> Dataset content
+++

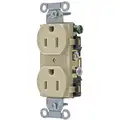 Bryant 15, Commercial, Receptacle, Ivory, No Tamper Resistant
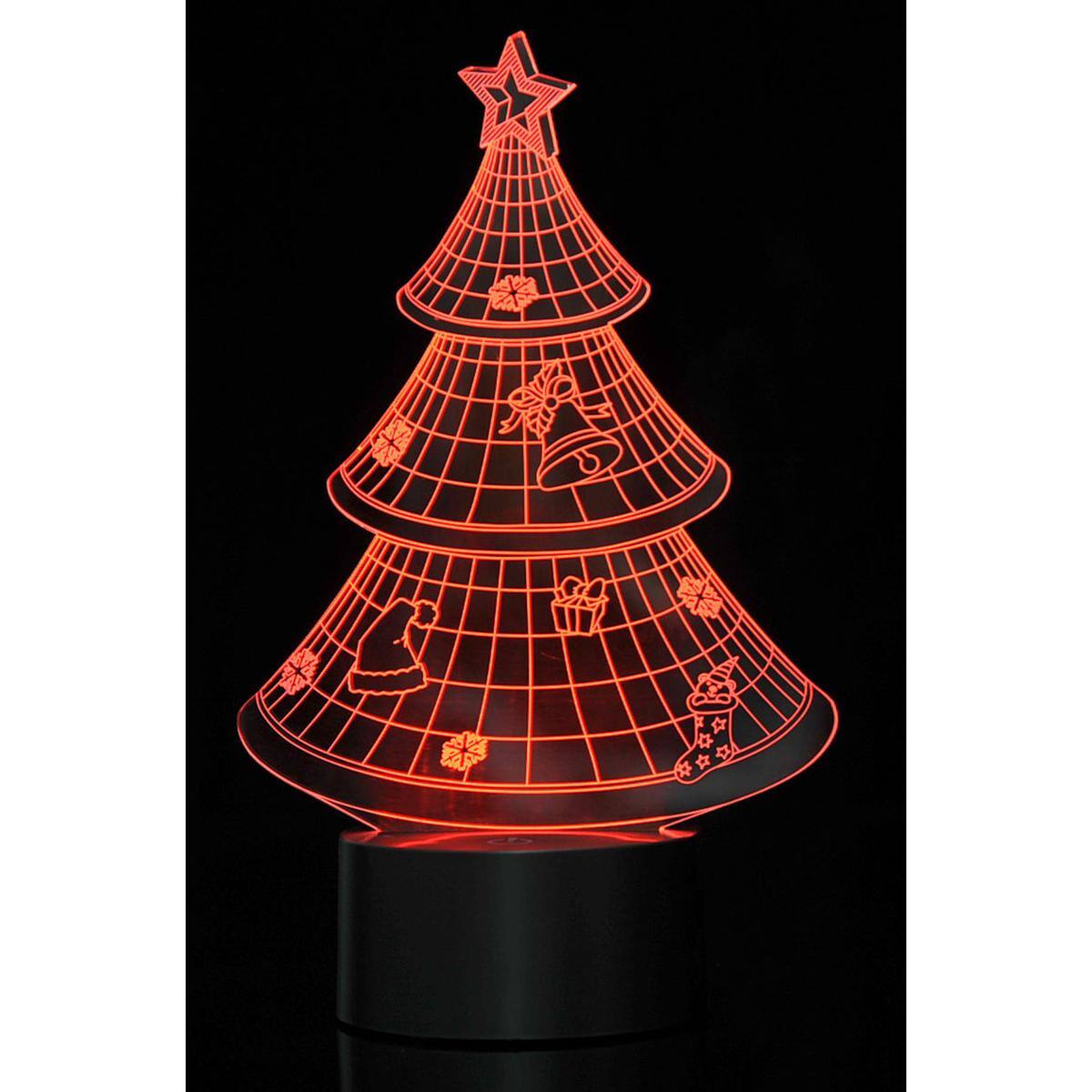 Alt View 1. JuzToys - 3D Night Light for Kids, 3D Christmas Tree Laser Cut Precision LED Lights, LED Lamp for Bedrooms and Offices - Black.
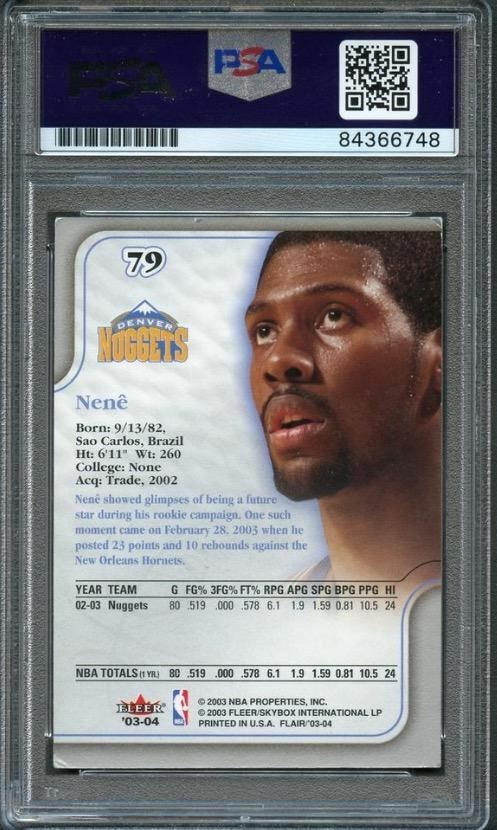 2003-04 Flair Basketball #79 Nene Signed AUTO PSA Slabbed Nuggets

+++

> What you should do
Could you repeat the data exactly, omitting its pictures?

> Solution below
 Bryant 15, Commercial, Receptacle, Ivory, No Tamper Resistant
 Alt View 1. JuzToys - 3D Night Light for Kids, 3D Christmas Tree Laser Cut Precision LED Lights, LED Lamp for Bedrooms and Offices - Black.
 2003-04 Flair Basketball #79 Nene Signed AUTO PSA Slabbed Nuggets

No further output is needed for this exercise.